* _Action item_
Transcribe the listing precisely, entry by entry.
───── Source material
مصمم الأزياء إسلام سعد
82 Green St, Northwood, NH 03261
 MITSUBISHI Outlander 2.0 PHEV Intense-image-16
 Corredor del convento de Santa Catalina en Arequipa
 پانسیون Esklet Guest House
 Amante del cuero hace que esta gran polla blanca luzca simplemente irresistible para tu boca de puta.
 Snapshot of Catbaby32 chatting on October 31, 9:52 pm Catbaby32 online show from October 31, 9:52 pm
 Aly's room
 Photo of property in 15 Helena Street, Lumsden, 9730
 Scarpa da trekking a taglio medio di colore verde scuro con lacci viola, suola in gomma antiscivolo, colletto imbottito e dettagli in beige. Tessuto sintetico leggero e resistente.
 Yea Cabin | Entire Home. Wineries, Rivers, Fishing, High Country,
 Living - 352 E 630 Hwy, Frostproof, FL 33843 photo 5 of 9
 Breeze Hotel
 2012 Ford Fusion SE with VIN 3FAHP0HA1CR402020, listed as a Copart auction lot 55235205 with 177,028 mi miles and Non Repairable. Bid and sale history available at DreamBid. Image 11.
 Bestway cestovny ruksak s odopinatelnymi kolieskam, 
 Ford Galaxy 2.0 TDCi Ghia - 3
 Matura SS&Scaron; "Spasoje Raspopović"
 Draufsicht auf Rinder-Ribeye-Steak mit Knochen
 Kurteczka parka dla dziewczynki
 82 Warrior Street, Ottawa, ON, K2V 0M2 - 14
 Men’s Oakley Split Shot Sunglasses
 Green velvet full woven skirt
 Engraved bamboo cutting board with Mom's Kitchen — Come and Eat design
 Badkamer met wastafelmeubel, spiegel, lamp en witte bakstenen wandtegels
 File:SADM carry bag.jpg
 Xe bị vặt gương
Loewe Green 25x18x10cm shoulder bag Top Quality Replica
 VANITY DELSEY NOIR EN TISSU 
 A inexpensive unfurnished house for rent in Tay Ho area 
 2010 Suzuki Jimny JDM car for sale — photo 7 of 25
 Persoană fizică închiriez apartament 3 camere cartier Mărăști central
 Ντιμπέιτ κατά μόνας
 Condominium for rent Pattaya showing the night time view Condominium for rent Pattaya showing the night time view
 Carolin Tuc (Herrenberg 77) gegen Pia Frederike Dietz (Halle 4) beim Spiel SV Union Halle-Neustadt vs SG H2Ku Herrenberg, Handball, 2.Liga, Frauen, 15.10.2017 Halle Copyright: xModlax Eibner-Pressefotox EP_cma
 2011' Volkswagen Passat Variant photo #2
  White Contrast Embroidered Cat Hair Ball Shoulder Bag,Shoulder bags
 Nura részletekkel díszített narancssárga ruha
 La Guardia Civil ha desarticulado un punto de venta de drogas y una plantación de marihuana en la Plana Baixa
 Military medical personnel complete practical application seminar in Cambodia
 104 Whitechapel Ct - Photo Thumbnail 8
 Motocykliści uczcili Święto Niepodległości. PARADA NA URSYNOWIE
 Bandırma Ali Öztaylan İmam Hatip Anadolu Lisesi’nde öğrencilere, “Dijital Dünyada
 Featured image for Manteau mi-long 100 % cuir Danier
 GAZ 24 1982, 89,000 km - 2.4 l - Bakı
──────────
* _Response to this task_
مصمم الأزياء إسلام سعد
82 Green St, Northwood, NH 03261
 MITSUBISHI Outlander 2.0 PHEV Intense-image-16
 Corredor del convento de Santa Catalina en Arequipa
 پانسیون Esklet Guest House
 Amante del cuero hace que esta gran polla blanca luzca simplemente irresistible para tu boca de puta.
 Snapshot of Catbaby32 chatting on October 31, 9:52 pm Catbaby32 online show from October 31, 9:52 pm
 Aly's room
 Photo of property in 15 Helena Street, Lumsden, 9730
 Scarpa da trekking a taglio medio di colore verde scuro con lacci viola, suola in gomma antiscivolo, colletto imbottito e dettagli in beige. Tessuto sintetico leggero e resistente.
 Yea Cabin | Entire Home. Wineries, Rivers, Fishing, High Country,
 Living - 352 E 630 Hwy, Frostproof, FL 33843 photo 5 of 9
 Breeze Hotel
 2012 Ford Fusion SE with VIN 3FAHP0HA1CR402020, listed as a Copart auction lot 55235205 with 177,028 mi miles and Non Repairable. Bid and sale history available at DreamBid. Image 11.
 Bestway cestovny ruksak s odopinatelnymi kolieskam, 
 Ford Galaxy 2.0 TDCi Ghia - 3
 Matura SS&Scaron; "Spasoje Raspopović"
 Draufsicht auf Rinder-Ribeye-Steak mit Knochen
 Kurteczka parka dla dziewczynki
 82 Warrior Street, Ottawa, ON, K2V 0M2 - 14
 Men’s Oakley Split Shot Sunglasses
 Green velvet full woven skirt
 Engraved bamboo cutting board with Mom's Kitchen — Come and Eat design
 Badkamer met wastafelmeubel, spiegel, lamp en witte bakstenen wandtegels
 File:SADM carry bag.jpg
 Xe bị vặt gương
Loewe Green 25x18x10cm shoulder bag Top Quality Replica
 VANITY DELSEY NOIR EN TISSU 
 A inexpensive unfurnished house for rent in Tay Ho area 
 2010 Suzuki Jimny JDM car for sale — photo 7 of 25
 Persoană fizică închiriez apartament 3 camere cartier Mărăști central
 Ντιμπέιτ κατά μόνας
 Condominium for rent Pattaya showing the night time view Condominium for rent Pattaya showing the night time view
 Carolin Tuc (Herrenberg 77) gegen Pia Frederike Dietz (Halle 4) beim Spiel SV Union Halle-Neustadt vs SG H2Ku Herrenberg, Handball, 2.Liga, Frauen, 15.10.2017 Halle Copyright: xModlax Eibner-Pressefotox EP_cma
 2011' Volkswagen Passat Variant photo #2
  White Contrast Embroidered Cat Hair Ball Shoulder Bag,Shoulder bags
 Nura részletekkel díszített narancssárga ruha
 La Guardia Civil ha desarticulado un punto de venta de drogas y una plantación de marihuana en la Plana Baixa
 Military medical personnel complete practical application seminar in Cambodia
 104 Whitechapel Ct - Photo Thumbnail 8
 Motocykliści uczcili Święto Niepodległości. PARADA NA URSYNOWIE
 Bandırma Ali Öztaylan İmam Hatip Anadolu Lisesi’nde öğrencilere, “Dijital Dünyada
 Featured image for Manteau mi-long 100 % cuir Danier
 GAZ 24 1982, 89,000 km - 2.4 l - Bakı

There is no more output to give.